There are moments in Crash Bandicoot 4: It's About Time where you will come to a crossroads. Not the literal kind, of which there are actually many, the levels forking and pickling your brain on more than one occasion, but the spiritual. The kind that defines you, that reveals your exhausted, thousand-death weathered heart and shows you who you really are. Crash 4 is a game that forces you to look deep, deep down into your soul and ask yourself: just how bad do I want that one extra crate?
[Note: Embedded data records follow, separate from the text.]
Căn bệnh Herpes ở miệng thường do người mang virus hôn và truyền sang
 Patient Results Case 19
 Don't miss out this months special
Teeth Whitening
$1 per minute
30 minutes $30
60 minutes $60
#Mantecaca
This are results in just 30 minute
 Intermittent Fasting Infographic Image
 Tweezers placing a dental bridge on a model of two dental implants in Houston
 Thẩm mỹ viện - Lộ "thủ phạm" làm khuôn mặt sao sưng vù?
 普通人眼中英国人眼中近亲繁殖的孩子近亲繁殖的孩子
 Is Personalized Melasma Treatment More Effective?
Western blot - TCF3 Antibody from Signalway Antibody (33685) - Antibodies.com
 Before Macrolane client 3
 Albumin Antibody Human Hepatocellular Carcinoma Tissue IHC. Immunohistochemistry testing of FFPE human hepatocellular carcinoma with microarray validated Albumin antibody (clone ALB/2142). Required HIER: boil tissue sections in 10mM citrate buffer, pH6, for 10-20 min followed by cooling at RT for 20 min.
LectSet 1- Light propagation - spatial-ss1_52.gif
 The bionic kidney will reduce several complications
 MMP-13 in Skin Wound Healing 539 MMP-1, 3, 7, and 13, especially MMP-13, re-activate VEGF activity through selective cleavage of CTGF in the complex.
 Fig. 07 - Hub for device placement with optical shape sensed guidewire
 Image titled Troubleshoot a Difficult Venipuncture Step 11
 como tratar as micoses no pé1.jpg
Crash 4 is hard, basically. Bastard hard. Toys For Bob, the former Skylanders studio that's since turned its hand to the recent Crash and Spyro trilogy remakes, and leads the way here, clearly sees that original trilogy's infamous difficulty as the template. Crash 4 is a direct sequel to Crash Bandicoot 3: Warped, Naughty Dog's last proper entry. All the Crash platformers since then - including another one directed by Mark Cerny! - seem to have been quietly redacted, as Activision goes big on the jortsy, VHS-fuzzed nostalgia of the mid-'90s PlayStation.
Whether or not you think outrageous difficulty, of the window-smashing, gripping-a-controller-until-its-plastic-audibly-creaks variety is what makes or breaks a Crash game will likely define your experience with Crash 4. Playing through it with artificial speed certainly exacerbates things, but there are moments where it moves from being challenging to simply awkward, the challenge derived from intentional clumsiness baked into one of the game's many new mechanics. At times the frustration can drown out everything the game offers, but it is only at times, and what it offers is really an awful lot.